PROBLEM:
Transcribe the records below exactly, from their first line through the line containing "Floristik24 Frühlingsdeko, Entenküken". Omit every line after it.

DATASET CONTENT:
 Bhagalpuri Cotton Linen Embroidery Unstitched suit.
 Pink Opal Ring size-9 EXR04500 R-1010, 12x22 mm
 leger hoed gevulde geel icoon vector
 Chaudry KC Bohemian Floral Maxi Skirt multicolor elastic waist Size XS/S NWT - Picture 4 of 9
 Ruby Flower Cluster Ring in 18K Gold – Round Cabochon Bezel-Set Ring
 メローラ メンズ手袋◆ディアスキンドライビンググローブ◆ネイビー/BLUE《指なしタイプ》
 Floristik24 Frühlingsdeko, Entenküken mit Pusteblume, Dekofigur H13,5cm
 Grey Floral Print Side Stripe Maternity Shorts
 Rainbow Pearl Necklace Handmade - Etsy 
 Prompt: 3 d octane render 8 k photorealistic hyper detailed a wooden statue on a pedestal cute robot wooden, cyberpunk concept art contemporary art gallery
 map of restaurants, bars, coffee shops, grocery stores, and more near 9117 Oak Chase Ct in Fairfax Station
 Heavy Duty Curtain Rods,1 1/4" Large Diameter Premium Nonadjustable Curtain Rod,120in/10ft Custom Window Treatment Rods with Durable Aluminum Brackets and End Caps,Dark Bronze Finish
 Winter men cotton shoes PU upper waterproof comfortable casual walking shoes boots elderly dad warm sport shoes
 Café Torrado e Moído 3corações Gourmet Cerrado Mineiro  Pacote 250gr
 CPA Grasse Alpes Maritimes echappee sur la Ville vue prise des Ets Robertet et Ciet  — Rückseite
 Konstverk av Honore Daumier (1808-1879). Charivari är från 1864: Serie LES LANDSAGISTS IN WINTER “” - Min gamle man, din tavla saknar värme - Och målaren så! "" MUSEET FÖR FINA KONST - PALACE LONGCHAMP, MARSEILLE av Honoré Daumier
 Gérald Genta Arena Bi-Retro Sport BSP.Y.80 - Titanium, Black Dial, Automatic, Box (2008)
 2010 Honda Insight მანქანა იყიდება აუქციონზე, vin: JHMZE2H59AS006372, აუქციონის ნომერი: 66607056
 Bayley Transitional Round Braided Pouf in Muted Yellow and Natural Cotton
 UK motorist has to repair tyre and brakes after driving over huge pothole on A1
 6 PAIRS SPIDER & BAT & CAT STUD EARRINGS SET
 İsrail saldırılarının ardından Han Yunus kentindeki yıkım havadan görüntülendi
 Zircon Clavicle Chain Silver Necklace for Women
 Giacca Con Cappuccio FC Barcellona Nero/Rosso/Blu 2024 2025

FINISHED EXERCISE:
 Bhagalpuri Cotton Linen Embroidery Unstitched suit.
 Pink Opal Ring size-9 EXR04500 R-1010, 12x22 mm
 leger hoed gevulde geel icoon vector
 Chaudry KC Bohemian Floral Maxi Skirt multicolor elastic waist Size XS/S NWT - Picture 4 of 9
 Ruby Flower Cluster Ring in 18K Gold – Round Cabochon Bezel-Set Ring
 メローラ メンズ手袋◆ディアスキンドライビンググローブ◆ネイビー/BLUE《指なしタイプ》
 Floristik24 Frühlingsdeko, Entenküken mit Pusteblume, Dekofigur H13,5cm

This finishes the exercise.